REPUBLIKA.CO.ID, JAKARTA -- Lembaga Managemen Fakultas Ekonomi Universitas Indonesia (LM FE-UI) menilai, berdasarkan hasil benchmarking badan usaha milik negara (BUMN) terhadap BUMN di kawasan ASEAN, daya saing BUMN Indonesia masih kalah.
Managing Director LM FE UI Toto Pranoto mengatakan, BUMN harus lebih sigap dalam menjawab tantangan ASEAN market integration 2015. "Tantangan internal BUMN di tingkat pemangku kepentingan terletak pada penyelarasan perundangan yang melingkupi gerak bisnis BUMN, terutama yang bersifat birokratif dan penilaian kinerja perusahaan-perusahaan BUMN," ujarnya dalam seminar Reshaping, Sharpening dan BUMN Outlook 2016 di Jakarta, Kamis (17/12).
Dalam laporan audit BPK 2014 menunjukan nilai jual 121 BUMN sebesar Rp 1,997 triliun dimana hampir 90 persen disumbangkan 25 BUMN. Kondisi ini, kata dia, meninjukan pareto condition.

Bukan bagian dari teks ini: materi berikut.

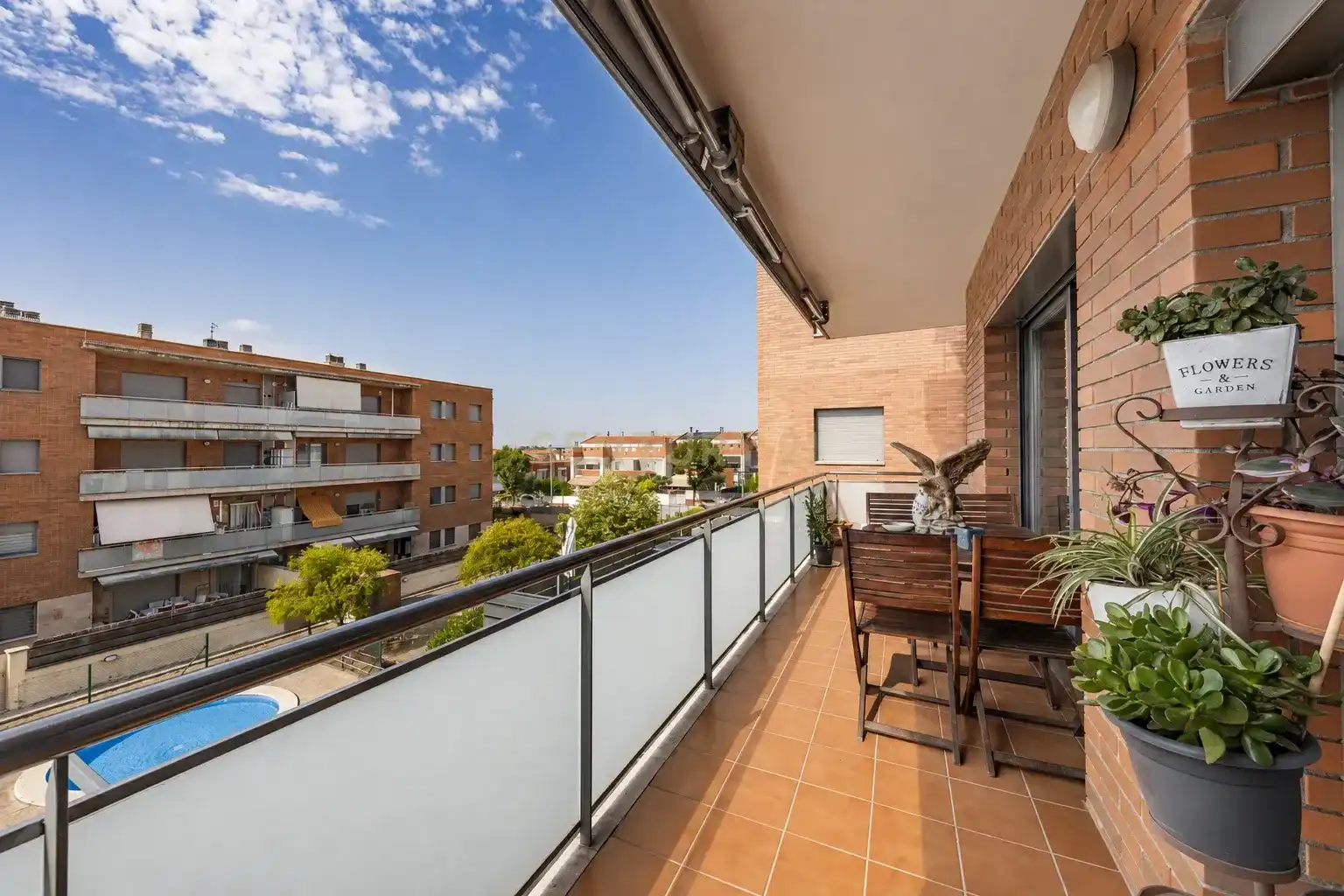 Terrassa de Pis en venda en Parets del Vallès amb Aire condicionat, Traster i Piscina comunitària
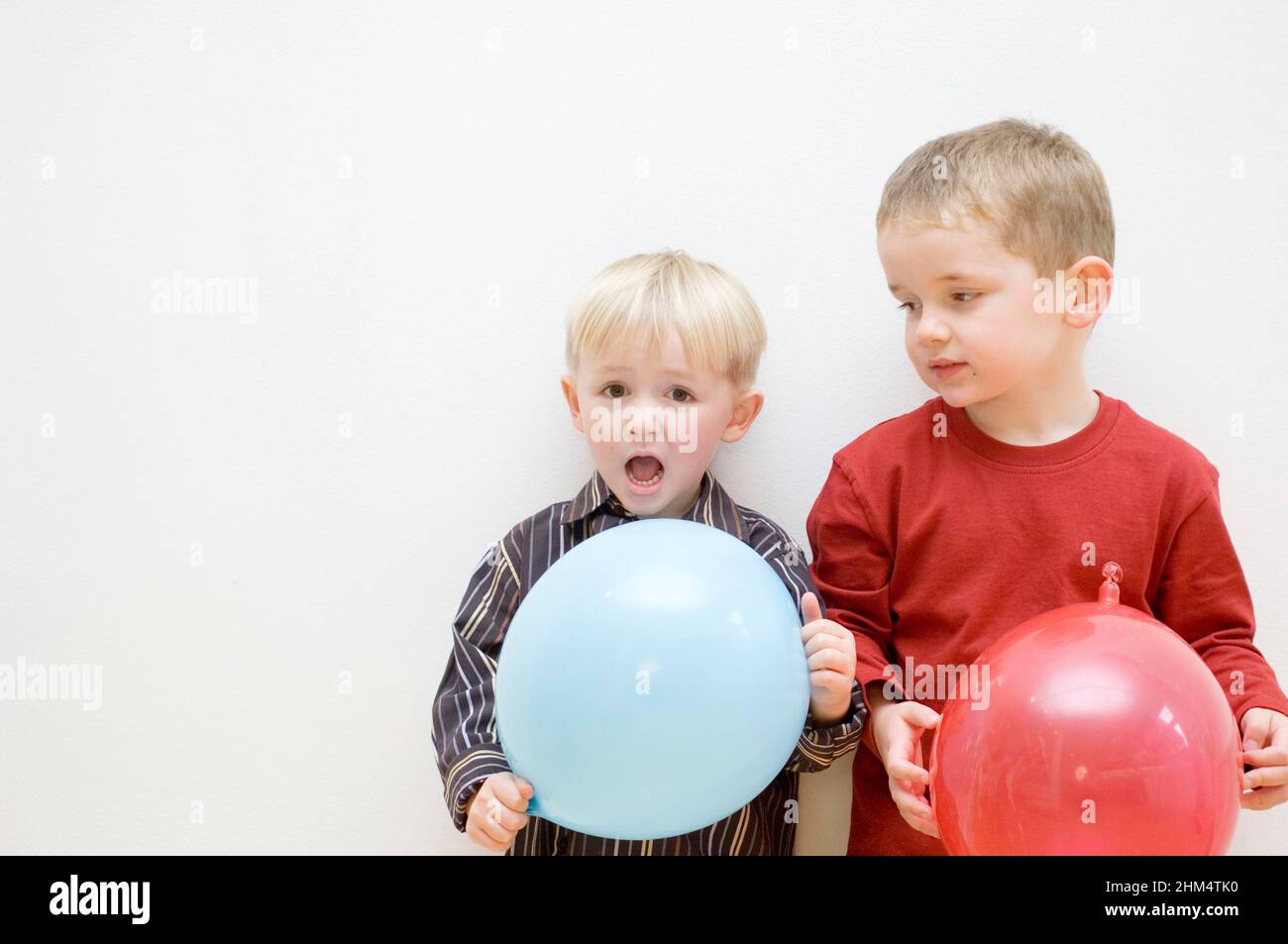 Nahaufnahme Von Zwei Jungen Mit Luftballons, Credit:Photoshot Creative / Stuart Cox / Avalon Stockfoto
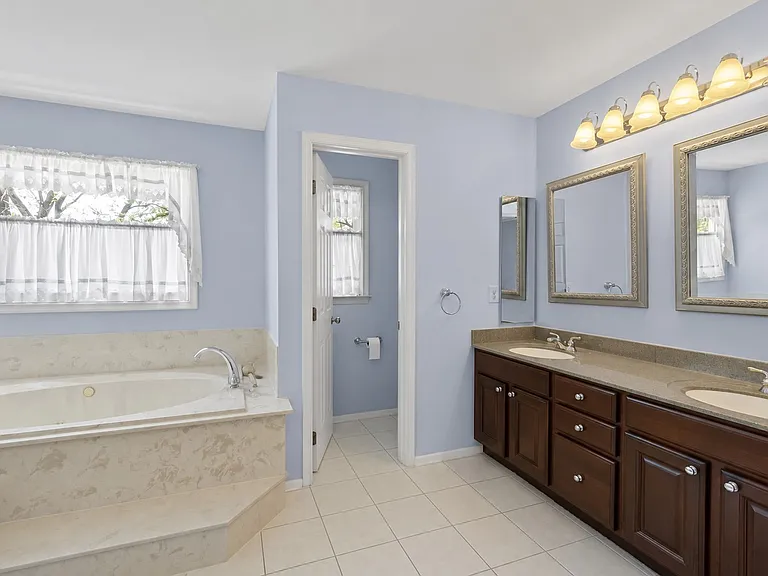 4804 Leighfield Valley Dr — Photo 18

"Total aset BUMN pada 2014 mencapai sekitar Rp 4,579 triliun, namun kemampuan BUMN dalam menciptakan laba relatif rendah, yakni sekitar Rp 219 triliun," tutur Toto.
Ia melanjutkan, angka-angka di atas menunjukan kemampuan BUMN dalam pengelolaan aset dan menciptakan laba masih relatif rendah.
LM FE-UI menemukan super holding company (SHC) Temasek yang membawahi 15 perusahaan investasi masih lebih superior dibandingkan 20 BUMN yang sudah terdaftar di Bursa Efek Indonesia (BEI). Hal yang sama, lanjutnya, saat BUMN yang sudah tercatat di pasar modal dibandingkan dengan BUMN Malaysia Khazanah Nasional yang membawahi 24 perusahaan investasi(di luar Petronas, Red).
Apabila analisa diperdalam pada sembilan kelompok Industri, ia menyatakan, BUMN yang relatif memiliki daya saing tinggi hanya pada industri telekomunikasi.
"Sektor-sektor unggulan lain mencakup perbankan, properti, dan transportasi udara Indonesia yang dikelola BUMN masih kalah bersaing dengan Temasek," sambung dia.